Spacetop is cancelled by Sightful, and the PC software for Xreal Air Ultra has been refocused.


Sightful has canceled Spacetop G1 and says it will refund all preorder deposits.

Spacetop G1 was set to be a screenless laptop with built-in Xreal Air 2 Ultra AR glasses, priced at $1900. It would have been powered by Qualcomm’s Snapdragon 8 Gen 2 chipset, running Sightful’s proprietary Spacetop OS operating system.

Sightful has emailed everyone who preordered Spacetop G1 to offer them a refund of their $100 deposit, and the company will no longer be shipping hardware at all, as it first confirmed to CNET.

Spacetop G1: Upgraded Screenless Laptop With AR Glasses

Spacetop G1 replaces the screen of traditional laptops with floating virtual screens via built-in Xreal AR glasses.

Instead, Sightful plans to build AR system software using Xreal Air 2 Ultra on Windows laptops with an NPU, meaning those with Qualcomm Snapdragon, Intel Core Ultra, or AMD Ryzen AI chipsets.

This software will take the canceled hardware’s name Spacetop, and continue the spatial computing concept of Spacetop OS. But rather than just spawning floating web browser windows, it will now spawn Windows applications from your laptop.

The idea is that once you have the Spacetop Windows software installed, you just connect the Xreal glasses via USB-C to your laptop, with the laptop providing both power and compute, and everything should work automatically.

Xreal glasses already support showing your Windows laptop’s screen as a head-fixed virtual monitor, but Spacetop software will apparently allow both 6DoF positional tracking and spawning of multiple Windows applications in space, not confined to a screen paradigm.

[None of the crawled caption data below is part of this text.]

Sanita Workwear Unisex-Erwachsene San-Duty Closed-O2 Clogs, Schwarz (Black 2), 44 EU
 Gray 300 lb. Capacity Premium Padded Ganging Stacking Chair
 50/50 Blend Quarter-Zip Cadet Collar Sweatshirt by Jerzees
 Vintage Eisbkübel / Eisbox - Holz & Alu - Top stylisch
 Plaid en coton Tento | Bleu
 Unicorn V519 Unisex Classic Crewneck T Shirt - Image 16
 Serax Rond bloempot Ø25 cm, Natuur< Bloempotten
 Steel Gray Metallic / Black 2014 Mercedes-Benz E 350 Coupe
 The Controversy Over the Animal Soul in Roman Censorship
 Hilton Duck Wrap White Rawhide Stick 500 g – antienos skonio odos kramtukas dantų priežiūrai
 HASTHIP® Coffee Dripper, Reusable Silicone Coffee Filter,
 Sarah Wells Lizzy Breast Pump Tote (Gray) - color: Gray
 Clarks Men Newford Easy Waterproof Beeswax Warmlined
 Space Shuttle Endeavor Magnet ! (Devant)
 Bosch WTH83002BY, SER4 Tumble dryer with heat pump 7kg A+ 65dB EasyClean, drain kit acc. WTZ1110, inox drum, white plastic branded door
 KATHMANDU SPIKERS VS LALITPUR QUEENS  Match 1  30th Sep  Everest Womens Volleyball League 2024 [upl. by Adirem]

Sightful’s founders Tamir Berliner and Tomer Kahan, both ex-Magic Leap executives, say the decision to shift strategy was taken because laptops getting NPUs now mean they can run 6DoF tracking without compromising performance and battery life. The ability to create an AR workspace on a Windows laptop, or the laptop that you are planning to purchase, opens up a wider market. A Chromebook with no screen would cost $1200 (minus the glasses), and you wouldn’t be able to see the entire display. You can only view all floating windows simultaneously if you are several meters from them. This was also the case in

which featured a similar field of vision. You’ll need to keep your eyes on the screen more frequently than you would with a physical monitor. The current tradeoff between transparent AR and opaque headsets that have passthrough cameras is this, so

has been lauded for solving the problem – although review of Nreal Light will not be mass produced anytime soon.